Na Istoé Dinheiro, ouvi muitos empresários que sonhavam com a candidatura de Antonio Palocci à presidência da República. Era Deus no céu, Palocci na Terra. E o PT, pragmático que é, enxergou o mesmo fenômeno. Se o ex-prefeito de Ribeirão Preto era tão querido pelos empresários, por que não colocá-lo na chefia da campanha de Dilma e no comando da arrecadação de recursos? E foi assim que choveu dinheiro para os cofres do partido.
Talvez aí Palocci tenha errado pela segunda vez, quando percebeu que, novamente, poderia ser o “fiador”, o “homem de confiança” das elites. Na campanha, o próprio presidente Lula brincou dizendo que “se um Lulinha assusta muita gente, uma Dilminha assusta muito mais”. Mas para que ter medo do lobo mau – ou da loba má – se havia um Palocci morando na floresta?
Em 1º de janeiro de 2011, fui a Brasília assistir às posses da presidente Dilma e de alguns ministros. Fui à de Palocci, na Casa Civil, e fiquei surpreso ao ver que o PIB brasileiro transbordava daquela sala do Palácio do Planalto – a posse palocciana contou com mais empresários do que a de Dilma. E ele fez um discurso extremamente cauteloso, colocando-se sempre como “subordinado” à chefe Dilma. Jamais como primeiro-ministro, eminência parda ou coisa que o valha. Naquela multidão, fui cumprimentá-lo e fiquei surpreso, mais uma vez, quando ele me disse: “Obrigado pelo que você fez por mim”.
Confesso que não esperava nenhum tipo de agradecimento.
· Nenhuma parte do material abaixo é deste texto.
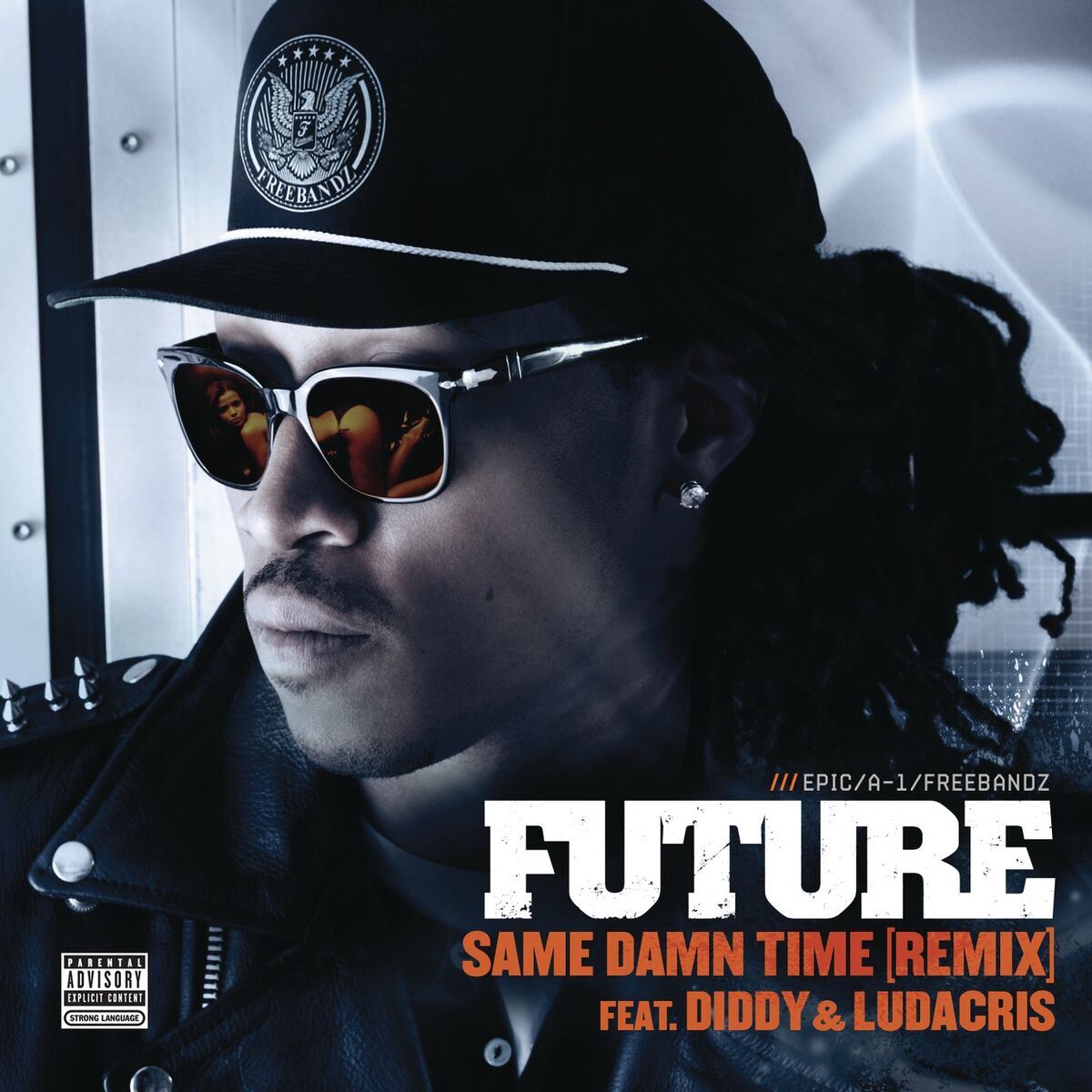 Album cover of Same Damn Time (Remix) (feat. Diddy & Ludacris)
Nas minhas conversas com fontes e amigos petistas, sempre ouvia a mesma reclamação relacionada ao ministro. “Palocci não tem reciprocidade”, diziam-me. “Pensa nele, não no partido”. Hoje, diante da revelação de que “faturou” R$ 10 milhões entre a vitória no segundo turno e a posse de Dilma, essas mesmas fontes dizem que foi, sim, apropriação indébita de recursos de campanha – e o detalhe é que o PT está oficialmente endividado. Por isso mesmo, dizem que Palocci está mais para Silvinho “Land Rover” Pereira, banido para sempre, do que para Delúbio Soares, recentemente reabilitado.
Palocci hoje está só. Ele serviu às elites imaginando que se tornaria sócio do clube. Mas os meios de comunicação, pragmáticos, já lavaram as mãos e o abandonaram. Os empresários, idem (e é muito pouco provável que a Projeto tenha clientes depois desta crise). Por fim, o PT o vê majoritariamente como um traidor. Sobraria Ribeirão Preto. Mas Ribeirão está para Palocci assim como o Maranhão está para José Sarney. Lá, ele não se elege.
Restaram-lhe apenas os seus milhões.
Que serão seus até o dia em que um procurador de coragem resolver investigar a fundo a sua evolução patrimonial.